Sadly this doesn't happen in the domain of art. Infact the opposite seems to happen. Duchamp strolls past the gallery defenses with a urinal, and a century later, the artist kids are putting down the brushes and applying for a grant for their butt plug signed Duchamp.
All breaking the pattern really does though, is point out to people that the pattern existed in the first place.
Before moving on though consider short and long patterns.
If you have to do something original with a short sequence like 1,2,... it's much harder than a long sequence, because of the lack of information. Other people's minds are open to more possibilities at this stage. 1,2,4 is not that shocking. It's an easy adjustment to go from counting upwards in steps of one to doubling each step.
But if I gave you the sequence 'ABCDEFGHIJKLM...' being creative is easier, because the amount of information has got the audience closed in on strong expectations. Hence 'ABCDEFGHIJKLMLKJIHGFEDCBA' is trippy, although it produces 109 results in a google search prior to publication of this blog post, albeit only the second result appears in a book of poetry from 1998 as a line in what is essentially ASCII art presented as a poem, the rest are all ASCII art about creating a 'pyramid' 'ABCDEFGHIJKLM14151617181920212223242526' by contrast produces two results and neither featuring the actual sequence in totality. It is possibly wholly original.
But pattern recognition is the place to talk about the great literary deconstructionists. Alan Moore in the western comics canon, George RR Martin in Fantasy, and even recently in Japan - whoever directed One Punch Man.
There's a pattern to recognize among deconstructionists like these three, they take a trope laden long running genre and redefine it by injecting a kind of emotional realism into things that are traditionally escapist.
Even these guys are not as original as you may assume. In Fantasy it was Michael Moorcock who wrote the essay Epic Pooh in which he railed against Tolkein's precept that fantasy must be pure escapism and started writing fantasy centered on an anti-hero that in contrast to Conan the Barbarion, was weak and sickly sustained only by his magic sword. It was different enough.
George RR, bases many of his ideas in a Song of Ice and Fire, or as most know it 'A Game of Thrones' on History, and has the character of Sansa stark initially representing the escapist fantasy perspective living in a world that is tragically real for her. Compared to much of the fantasy that preceded it, George RR's work simply takes the notion of Knights and Dragons and removes all the romance from it, so the relationships are more politically expedient economic transactions, the Knights are professional sociopaths and we are given characters to empathise with and root for in the horrible reality of feudalism.
Alan Moore, worked with an even more ridiculous world, but his ability to generate a compelling comic book series in the 80s was simpler and in many ways more spectacular. His work on Miracle Man simply takes Superman, and then gives Superman human emotions. He asks reasonable questions that generated more interesting stories than DC ever has for Superman - not least of which, why would Superman bother with the alter-ego, the civilian life?

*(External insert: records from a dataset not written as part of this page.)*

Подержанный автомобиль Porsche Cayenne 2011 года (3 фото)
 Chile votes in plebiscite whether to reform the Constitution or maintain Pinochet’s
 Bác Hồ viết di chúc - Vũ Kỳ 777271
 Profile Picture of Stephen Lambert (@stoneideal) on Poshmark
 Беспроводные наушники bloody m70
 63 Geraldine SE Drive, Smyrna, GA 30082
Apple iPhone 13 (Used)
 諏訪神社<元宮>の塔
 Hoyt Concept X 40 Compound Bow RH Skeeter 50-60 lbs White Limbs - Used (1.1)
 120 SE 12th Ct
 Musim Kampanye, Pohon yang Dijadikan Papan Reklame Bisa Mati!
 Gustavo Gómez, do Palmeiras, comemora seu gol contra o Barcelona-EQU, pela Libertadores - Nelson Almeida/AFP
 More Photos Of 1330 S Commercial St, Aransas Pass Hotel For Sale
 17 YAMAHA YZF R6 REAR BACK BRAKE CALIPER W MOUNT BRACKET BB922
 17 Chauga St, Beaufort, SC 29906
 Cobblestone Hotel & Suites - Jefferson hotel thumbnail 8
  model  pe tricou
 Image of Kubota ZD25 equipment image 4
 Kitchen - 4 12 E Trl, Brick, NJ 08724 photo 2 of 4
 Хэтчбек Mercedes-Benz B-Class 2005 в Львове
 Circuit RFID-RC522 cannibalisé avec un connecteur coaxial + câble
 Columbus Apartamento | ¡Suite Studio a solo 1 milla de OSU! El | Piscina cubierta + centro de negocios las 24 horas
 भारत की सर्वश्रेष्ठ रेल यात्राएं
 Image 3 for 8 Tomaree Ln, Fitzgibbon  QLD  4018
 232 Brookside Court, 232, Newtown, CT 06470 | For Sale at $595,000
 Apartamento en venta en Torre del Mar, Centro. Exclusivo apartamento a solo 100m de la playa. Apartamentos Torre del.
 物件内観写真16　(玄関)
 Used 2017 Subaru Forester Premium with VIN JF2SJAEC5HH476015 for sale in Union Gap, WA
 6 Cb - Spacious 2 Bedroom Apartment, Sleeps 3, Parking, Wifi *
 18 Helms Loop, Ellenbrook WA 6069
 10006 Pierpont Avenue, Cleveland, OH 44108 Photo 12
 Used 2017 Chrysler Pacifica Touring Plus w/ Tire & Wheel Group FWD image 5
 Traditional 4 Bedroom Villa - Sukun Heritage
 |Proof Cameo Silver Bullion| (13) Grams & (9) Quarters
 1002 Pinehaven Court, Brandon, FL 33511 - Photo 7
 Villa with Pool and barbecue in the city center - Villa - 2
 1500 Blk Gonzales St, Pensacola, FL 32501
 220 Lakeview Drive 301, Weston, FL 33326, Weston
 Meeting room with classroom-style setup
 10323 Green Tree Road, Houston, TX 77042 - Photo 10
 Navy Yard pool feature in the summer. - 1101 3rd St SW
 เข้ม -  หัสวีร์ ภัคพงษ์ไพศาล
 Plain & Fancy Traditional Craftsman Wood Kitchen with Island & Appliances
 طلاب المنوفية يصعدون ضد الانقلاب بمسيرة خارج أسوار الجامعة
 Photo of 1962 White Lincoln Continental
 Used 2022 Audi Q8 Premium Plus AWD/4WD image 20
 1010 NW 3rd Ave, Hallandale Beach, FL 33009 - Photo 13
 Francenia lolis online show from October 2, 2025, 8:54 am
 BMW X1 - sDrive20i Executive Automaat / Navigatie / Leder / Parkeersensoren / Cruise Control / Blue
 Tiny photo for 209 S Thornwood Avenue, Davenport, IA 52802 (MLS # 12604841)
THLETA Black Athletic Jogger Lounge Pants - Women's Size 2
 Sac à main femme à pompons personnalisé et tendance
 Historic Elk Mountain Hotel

One Punch Man debuted last year to much acclaim, and while it is a truly great show in and of itself, a classic for the ages, it was a fine example of how an unoriginal idea can seem wholly original in a certain context. One Punch Man is the first work I'm aware of in the history of Japanese comics and cartoons to really get into deconstruction. It's essentially the same existential crisis of Moore's 'Miracle Man' run, but in a Japanese cartoon, and much more humorous and whimsical in tone. I'm not suggesting plagiarism, but just that it does stand out because the Japanese are really late to the deconstruction party in their popular culture. In a culture so laden with tropes that you do from time to time see self conscious references to them, they really haven't done a narrative based on deconstructing those tropes until One Punch Man - even so, it could be more spoof or parody than deconstruction like Moore and Martin are doing.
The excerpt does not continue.